Yesterday my former professor of French, just retired from 40 years of teaching, was granted an honorary degree in a ceremony at Reed College. I was asked to contribute a few words.
Is it true there was a time when teenagers read current issues of academic journals like they were the latest fanzines? That they looked on contributors to Diacritics and Yale French Studies with feelings usually reserved for rock stars? If I remember these things right, then Bill Ray was a celebrity, a man whose books and essays rubbed shoulders with works of the cosmopolitan intellectual elite. It was Reed College in the mid-1980’s; Michel Foucault, Jacques Derrida and Paul de Man were distant idols, but Bill Ray walked among us, sporting light blue jeans with an oversize western belt buckle and a tan jacket whose physical composition – leather or naugahyde? – is still a topic of debate among his former students.

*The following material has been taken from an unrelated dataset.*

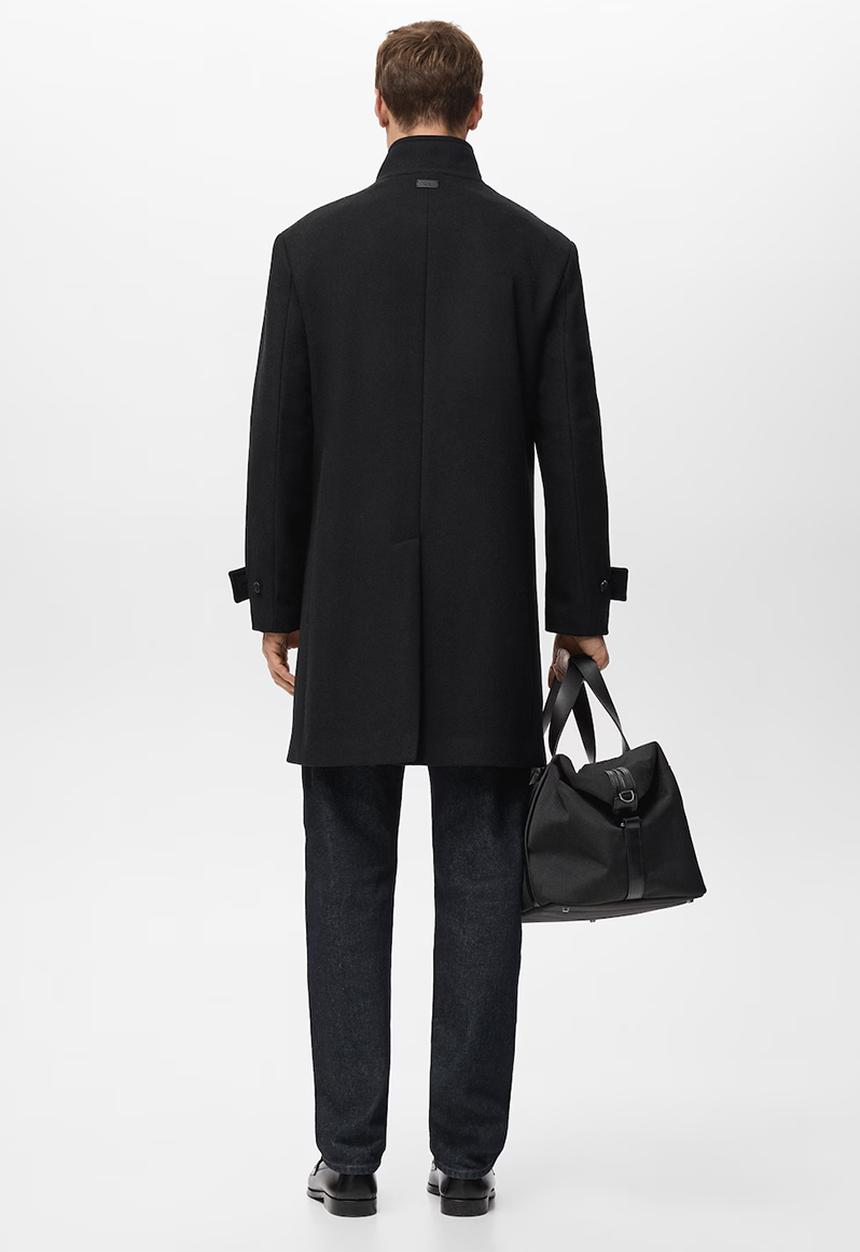 MANGO - Coat Funnel - Black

Bill Ray ran classes that crackled with ideas. He read passages from literary works and dazzled us with surprising, multilayered interpretations. We in turn tried to guess what lay behind his signature wry humor and generally failed. Once I was the target of a particularly significant object lesson in class. At issue was none other than the queen of literary tropes, irony, whose definition called for a striking example. Bill Ray improvised for the occasion. He glanced at my feet under the table, aimed his eyes straight at me, and, with inscrutable affect, spoke the phrase: “Nice socks.” Ironically – or not? – the socks in question might have hailed from Paris, where I spent my junior year, and where I’ve been many times since leaving Reed, under Bill Ray’s lasting influence.
Harder to gauge is the impact made on those of us who met with him to discuss paper topics or senior theses. The way to his office was through the library and involved an anomalous procession; at the end of a dim row of stacks a door opened directly onto a hallway of modern offices with bright windows. Once in the office you were confronted with an enigmatic poster. If your eyes wandered up the wall behind Bill Ray’s desk you were met with the arresting picture of a kitten dangling from a string, emblazoned with the caption, “Hang in there, baby!” This was the message I tried to decipher while discussing with Professor Ray the narrative innovations of Nathalie Sarraute, Marguerite Duras and Alain Robbe-Grillet, notions of reflexivity, intertextuality and mise en abyme, as well as Barthesian poststructuralist poetics, problems I took with me to graduate school. I was pleased when, in my first year of study, one of my professors specifically recommended Bill Ray’s Literary Meaning to his students. He had brought his own copy of the book to class. The cover shows a writer at his desk, lost in reflection. Staring at the familiar image, my eye couldn’t help drifting up beyond his head, looking for something among that wall of books.